▼

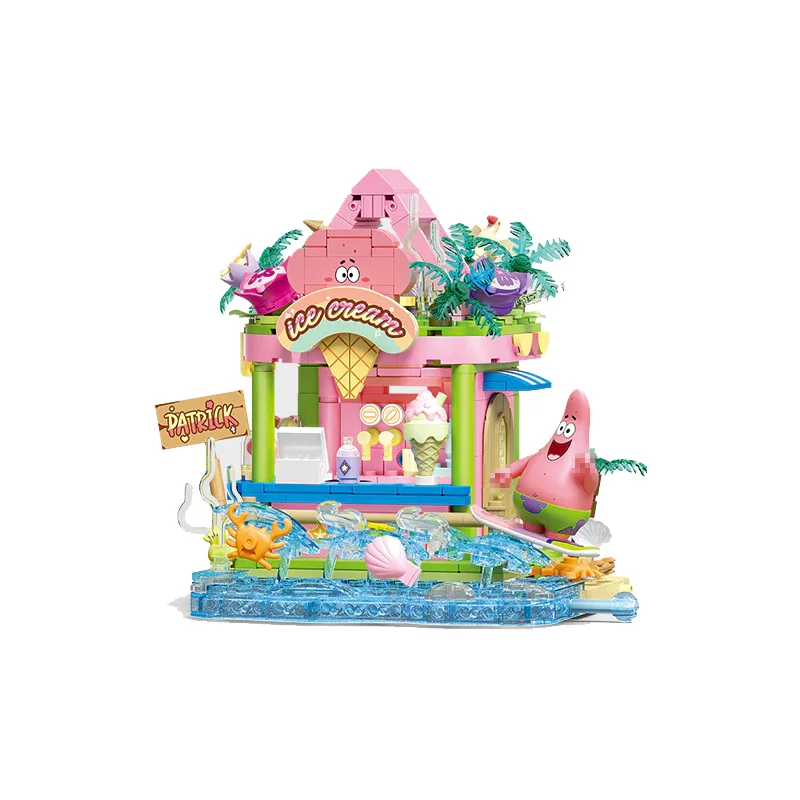 509 個スポンジボブシリーズビルディングブロックパトリックスターデザートハウスサーフショップシーンモデルキットデスクトップ装飾おもちゃギフト子供のための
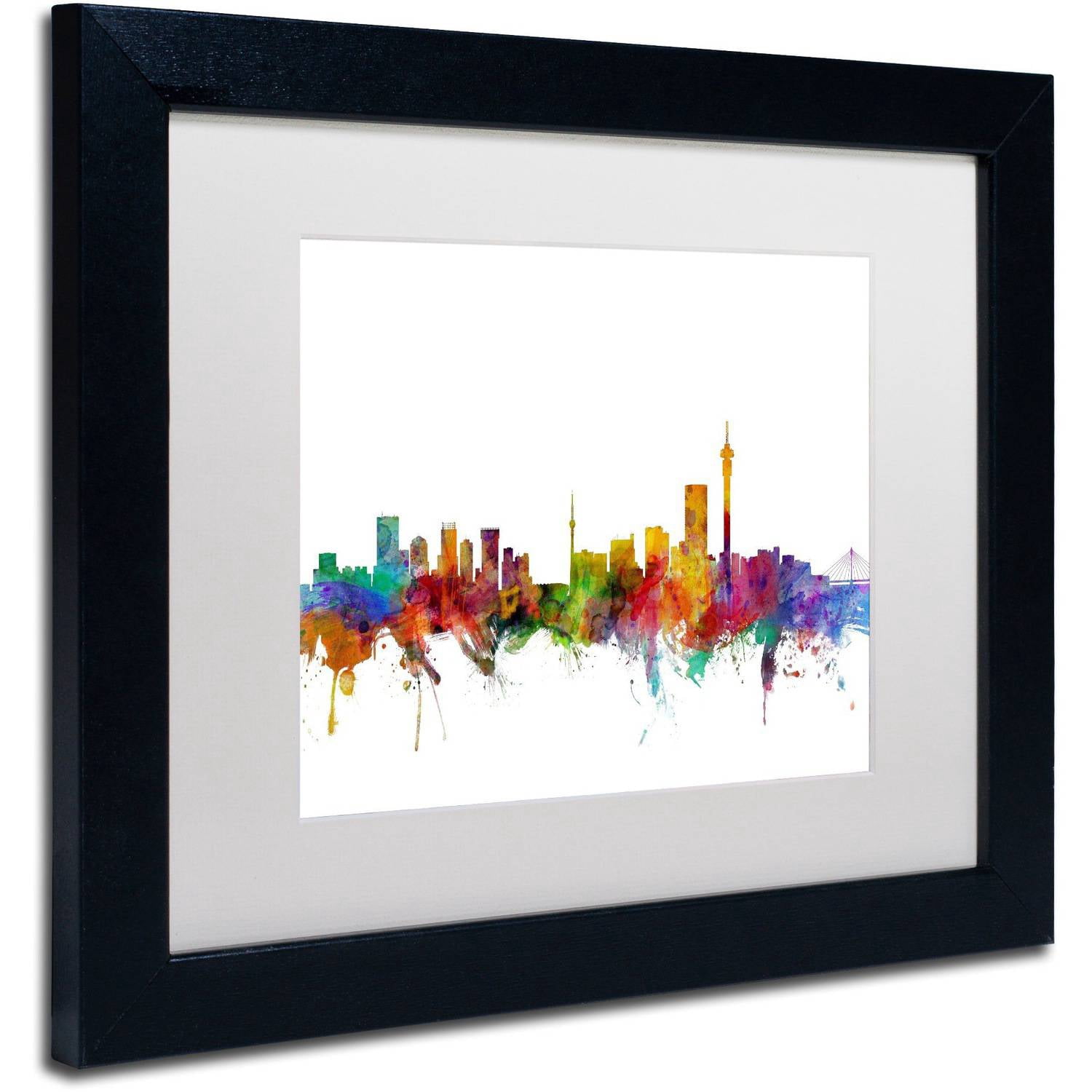 Trademark Fine Art "Johannesburg South Africa Skyline" Canvas Art by Michael Tompsett White Matte, Black Frame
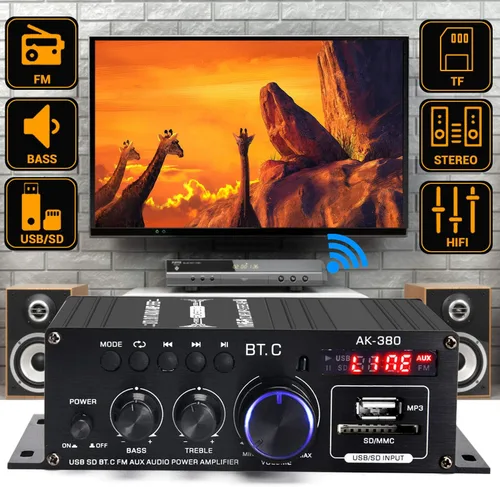 Vista 3 de AK-380 Bluetooth 5.0 Amplificador de audio para el hogar del coche Bar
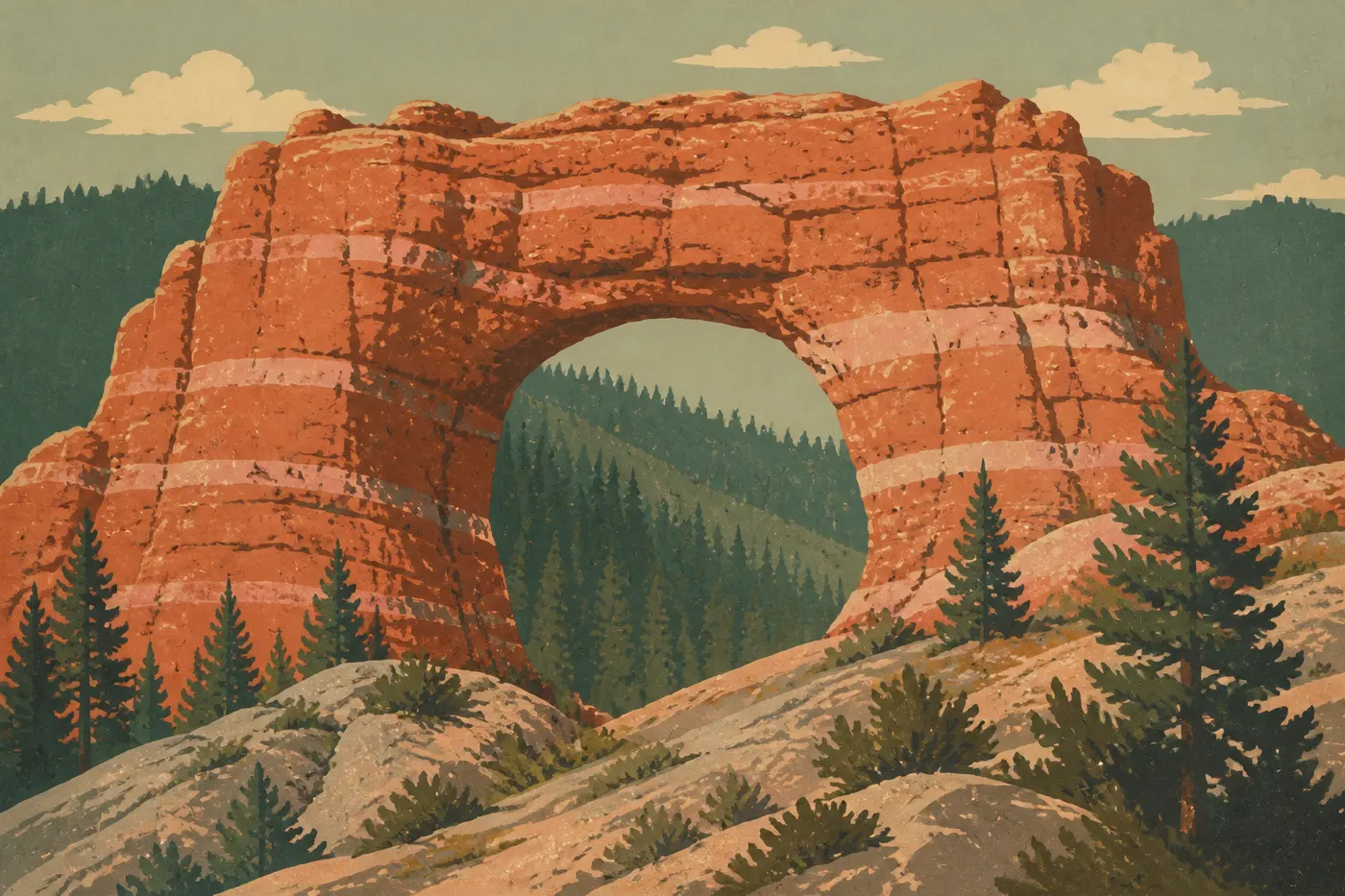 Illustration sérigraphiée : Grande arche orangée de Natural Bridge ouverte dans la falaise au-dessus de la forêt.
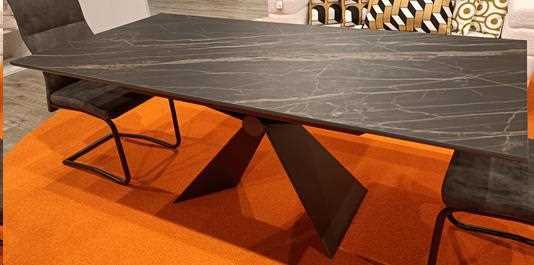 TAVOLO SINTESI PIANO CERAMICA ALLUNGABILE CM.90X180/280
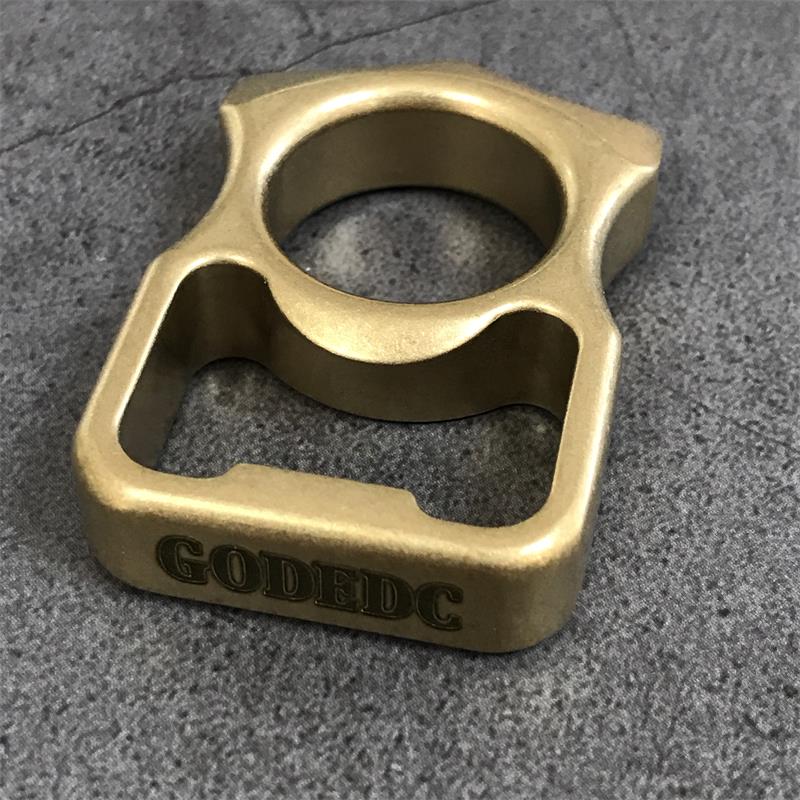GOODEDC Stonewashed Brass Keychain Tool for Bottle Opening and EDC Use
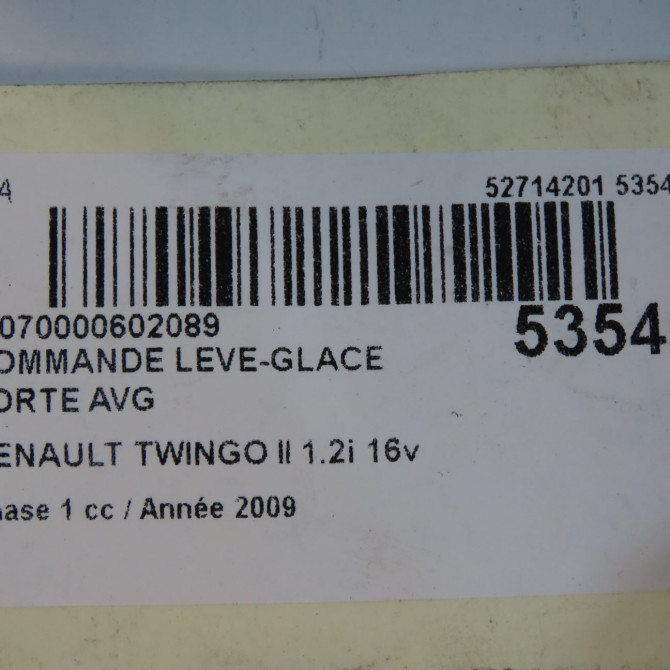 Commande lève-glace porte avant gauche occasion RENAULT TWINGO II Phase 1 06-2007->11-2011 1.2i 16v 75ch 8200214939 5
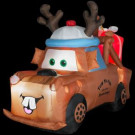 5 ft. Airblown Inflatable Lighted Mater with Reindeer Hat and Present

▲

Beginning with the line that bears "TAVOLO SINTESI PIANO", output each line through the last line of the listing exactly, and no others; skip the pictures.

• _Written solution_
 TAVOLO SINTESI PIANO CERAMICA ALLUNGABILE CM.90X180/280
GOODEDC Stonewashed Brass Keychain Tool for Bottle Opening and EDC Use
 Commande lève-glace porte avant gauche occasion RENAULT TWINGO II Phase 1 06-2007->11-2011 1.2i 16v 75ch 8200214939 5
 5 ft. Airblown Inflatable Lighted Mater with Reindeer Hat and Present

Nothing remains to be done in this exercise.